SAN FRANCISCO, August 3, 2011 - The uninsured Californians likely to become eligible for Medi-Cal under the federal health care reform law make up a relatively young population that is no sicker—and may be slightly healthier—than current non-disabled Medi-Cal users, according to a report released today by the Public Policy Institute of California (PPIC).
The report underscores both the opportunities and challenges of the historic expansion of the state's primary public insurance program to comply with the federal law. The demographic and health profiles of the uninsured poor who are likely to become eligible for Medi-Cal suggest they may be no more costly to insure than those currently in the program—as long as those who are healthy enroll to balance the costs and demands of those who are sick.
In California, between 1.7 million and 3 million U.S. citizens and legal residents will become eligible for Medi-Cal in 2014. Adults without dependent children will be able to enroll in the program, which currently covers mainly families and the disabled. The qualifying income threshold will increase from about 100 percent of the federal poverty level to 138 percent, or about $31,000 annually for a family of four.
The PPIC report profiles the new potential Medi-Cal population, relying on an analysis of population data and on information from focus groups that included both poor, uninsured adults, and low-income parents familiar with public insurance programs for their children.
Among the key findings: About six in 10 poor, uninsured adults likely to be eligible are under age 40, and nearly three in 10 are under age 25. From a cost perspective, this is promising news because health care spending per capita by adults aged 19 to 44 is half that of spending by adults aged 55 to 64. In addition, many of the costs of the younger age group are attributable to maternity care and childbirth, which Medi-Cal already covers for poor women.
There are some differences between the uninsured poor who will become eligible for the program and current Medi-Cal users. The uninsured poor are more likely to be male and living in a household with no dependent children—not surprising in light of current Medi-Cal eligibility rules. They are also more likely to have a college degree.
Although the uninsured are less likely than current Medi-Cal users to report mobility problems or difficulty caring for themselves, many still have serious health conditions. About one in five report being in fair or poor health, and nearly one in four report at least one chronic condition. Rates of obesity and smoking are high. These findings suggest that for this segment of the population, health care needs and use might indeed be greater than the larger group of potential enrollees.
To spread the costs and risks, widespread participation is needed among the newly eligible—many of whom will likely not be subject to the federal law's sanctions against those who do not get coverage. This will be a key challenge, the PPIC report says.
"Ensuring participation among the young and healthy will require targeted efforts at the state and local levels to raise awareness," says Helen Lee, PPIC policy fellow, who co-authored the report with Shannon McConville, PPIC policy associate. "It is also important that the eligibility and enrollment processes not be onerous."
The focus group interviews point up the challenges ahead. Some of the uninsured felt they needed neither coverage nor frequent access to the health care system.

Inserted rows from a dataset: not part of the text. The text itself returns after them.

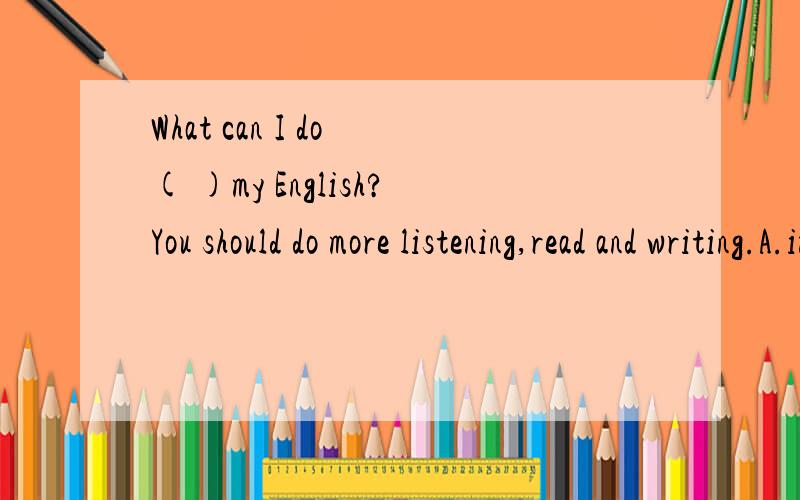 What can I do ( )my English?You should do more listening,read and writing.A.improveB.improvingC.to improveD.improved
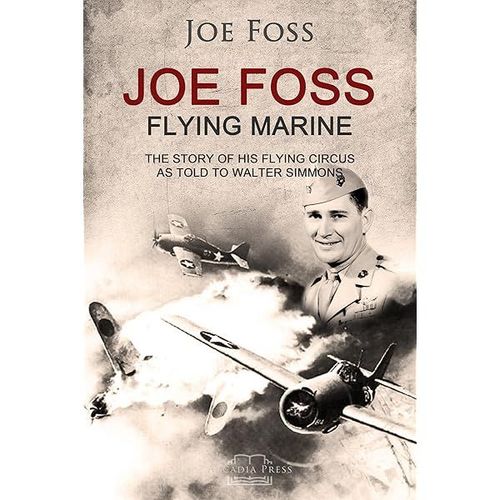 Joe Foss Flying Marine: The Story Of His Flying Circus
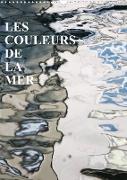 LES COULEURS DE LA MER (Calendrier mural 2022 DIN A3 vertical)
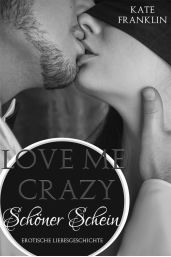 H:\KATE FRANKLIN\1_Love me Crazy - Schöner Schein\Cover\Love_me_crazy_960x640px.jpg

Parents with experience using Medi-Cal cited problems long known to researchers and practitioners: too few health care providers, long waits for appointments, and a perception of a lower quality of care. But other participants noted that insurance coverage is valuable because it provides peace of mind.

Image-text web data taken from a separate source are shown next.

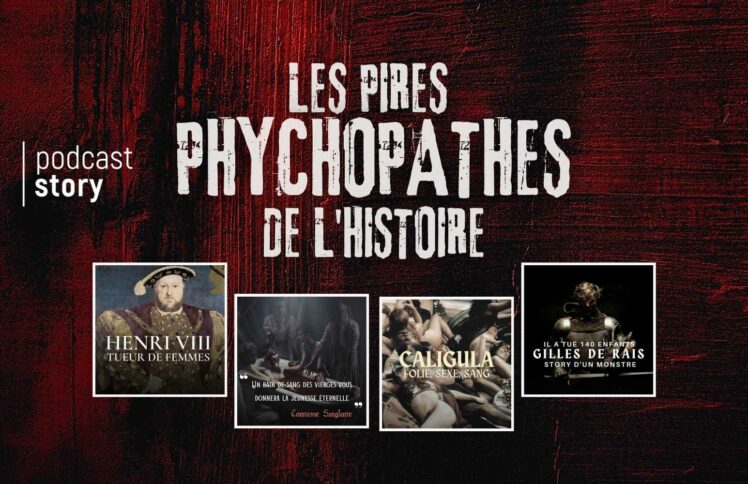 LES PIRES PSYCHOPATHES DE L’HISTOIRE – La playlist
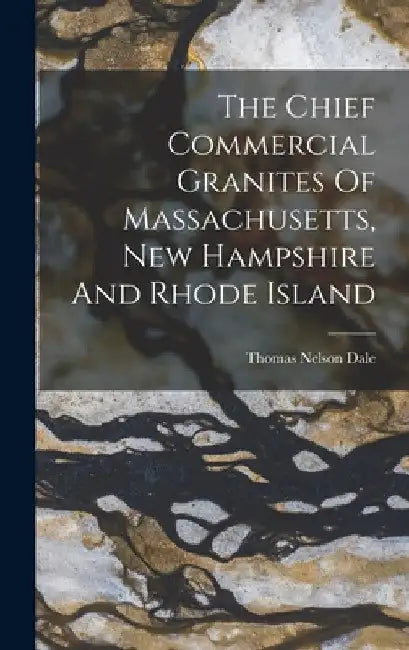 The Chief Commercial Granites Of Massachusetts, New Hampshire And Rhode Island by Thomas Nelson Dale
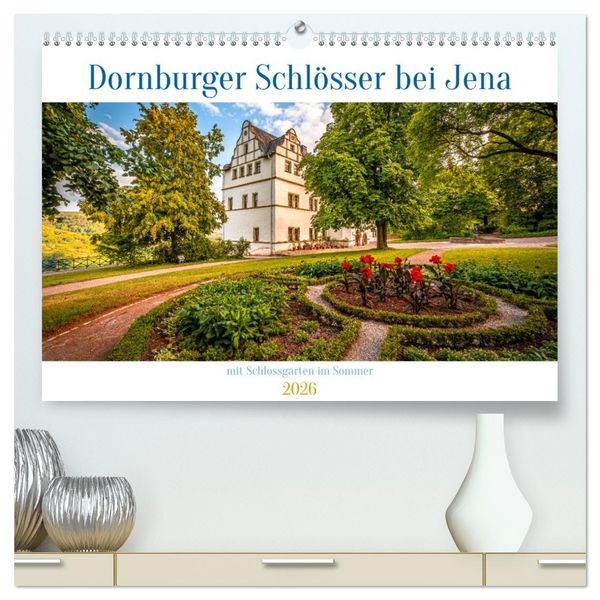 Dornburger Schlösser bei Jena (hochwertiger Premium Wandkalender 2026 DIN A2 quer), Kunstdruck in Hochglanz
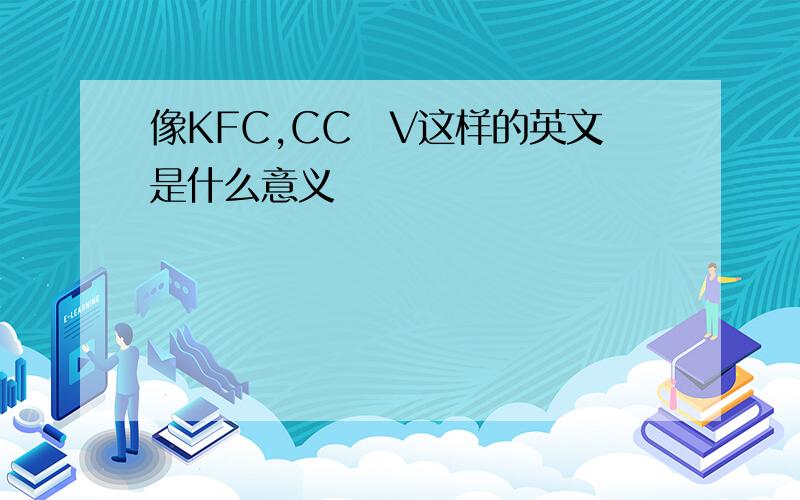 像KFC,CC丅V这样的英文是什么意义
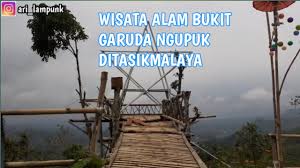 Maybe you would like to learn more about one of these? Wisata Alam Bukit Garuda Ngupuk Tasikmalaya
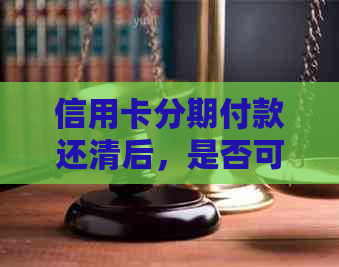 信用卡分期付款还清后，是否可以继续使用及其它可能的相关问题解答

The study concludes that these views are important to take into account if a new "culture of coverage" is to emerge—one in which health insurance is expected, maintained, and ultimately valued because the result is consistent, timely access to quality care.

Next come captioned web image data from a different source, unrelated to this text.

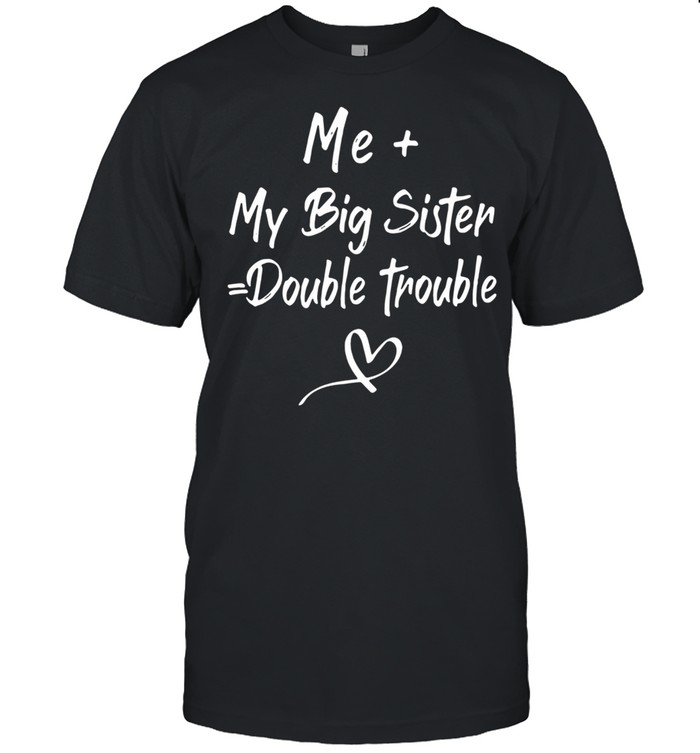 Me My Big Sister Double Trouble shirt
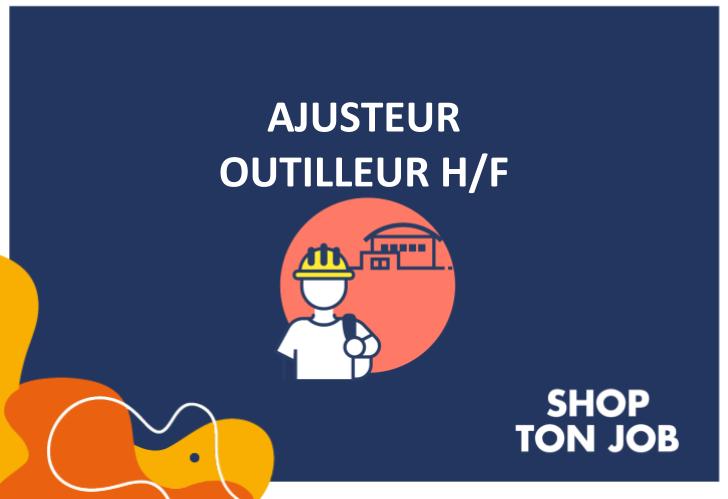 AJUSTEUR OUTILLEUR H/F - Centre Commercial Carrefour Geric 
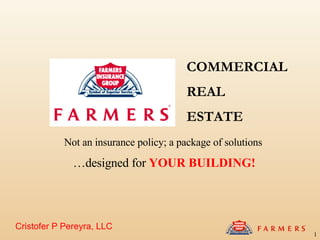 Cristofer P Pereyra, LLC Not an insurance policy; a package of solutions   … designed for  YOUR BUILDING! COMMERCIAL REAL  ESTATE 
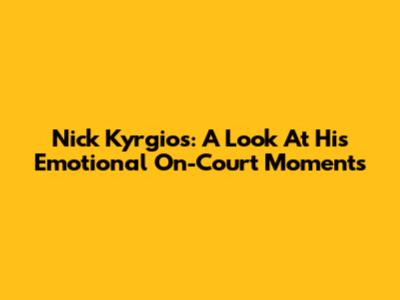 Nick Kyrgios: A Look At His Emotional On-Court Moments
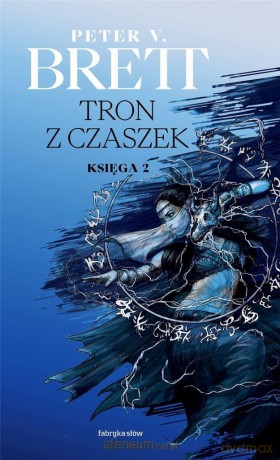 Tron z czaszek. Księga 2 - Peter V. Brett [KSIĄŻKA]
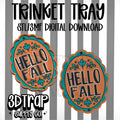 Hello Fall Trinket Tray STL/3MF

The Public Policy Institute of California is dedicated to informing and improving public policy in California through independent, objective, nonpartisan research on major economic, social, and political issues. The institute was established in 1994 with an endowment from William R. Hewlett. As a private operating foundation, PPIC does not take or support positions on any ballot measure or on any local, state, or federal legislation, nor does it endorse, support, or oppose any political parties or candidates for public office.